Exercise details - Below are the records; give again exactly the line with "Fototapeta Natura - Rocky", the line with "A close-up view", and each line that lies between them, and nothing besides.
[Records supplied — start]
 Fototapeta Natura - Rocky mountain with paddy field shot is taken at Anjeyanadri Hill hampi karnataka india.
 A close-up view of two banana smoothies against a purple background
[Records supplied — finish]
[Records supplied — start]
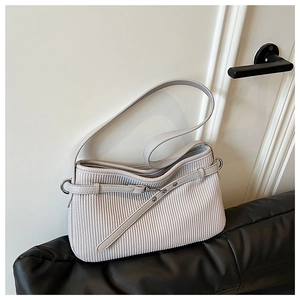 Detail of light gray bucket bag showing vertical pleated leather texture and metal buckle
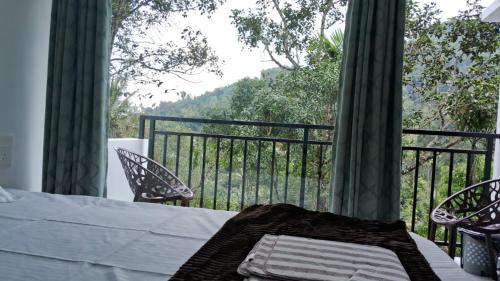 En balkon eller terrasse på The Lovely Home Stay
[Records supplied — finish]
Completed task -
 Fototapeta Natura - Rocky mountain with paddy field shot is taken at Anjeyanadri Hill hampi karnataka india.
 A close-up view of two banana smoothies against a purple background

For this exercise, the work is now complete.